A brief history of the Upington Border Scouts
The Upington Border Scouts were raised at Upington in May 1900 as a local defense force. The men were all half-castes, chiefly descendants of Boer farmers and native women; many of them were well-to-do farmers having large herds, others were hunters in the Kalahari Desert and all could ride and shoot. Their knowledge of the country and excellent eyesight made them invaluable as scouts. In November 1900 the regiment was increased to 300, in January 1901 to 500, and shortly afterwards to 8 squadrons totaling 786 men.
The Scouts patrolled a broad area in the north-western district of Cape Colony, which extended from Oomdries Vlei in the south to Rietfontein in the north, a distance of 400 miles and from Prieska in the east to Ookiep in the west, about 350 miles. Kenhardt and Upington, two towns roughly in the center of this vast area, were garrisoned and entrenched. These towns are seventy-two miles apart over heavy sandy roads and rough terrain.
Scouts in action
In April 1901, 300 of the regiment were ordered to join Major Jeudwine's column at Van Wyk's Vlei. These 3 squadrons remained on column for seven months, the last three of which they were under Colonel Capper. During this time they did most of the scouting for the main body, and a day seldom passed without the advance or flanking scouts being fired on by the enemy, who, however, fled as the column advanced. Some very hard and trying marching was done, but the rebels generally kept a day or two's march in advance, and owing to its transport the column could not move as fast as the enemy. The 6th Battalion Lancashire Fusiliers was in this column, and in their war record it is noted, to illustrate the difficult nature of the country, that on 28th May only six miles were covered in nine hours' marching.

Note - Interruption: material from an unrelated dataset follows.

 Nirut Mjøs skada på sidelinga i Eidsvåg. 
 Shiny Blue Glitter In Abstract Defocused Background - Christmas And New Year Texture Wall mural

Occasionally the wagons were left behind, and the mounted men, 1 squadron of Orpen's Cavalry, 1 of Nesbitt's, and 3 of the Scouts would, by a long night-march, try to surround the enemy. Twice Maritz was all but surrounded in very hilly country, but on each occasion he and his men escaped with the loss of a few men and all his spare horses.
At Ganabosch the column fought the combined commandos of Maritz and Louw; the enemy held some high ridges until dark, and then fled. In November 1901 the Border Scouts were ordered to return to the north-western district, as several commandos had moved north. On this trek they had a running fight with Van Reenan's commandos, but owing to the horses being in a miserable condition only two prisoners were captured. They arrived in Upington in December, after having been as far south as Piquetberg Road Station. On one occasion they had been snowed up for three days in the hills near Sutherland.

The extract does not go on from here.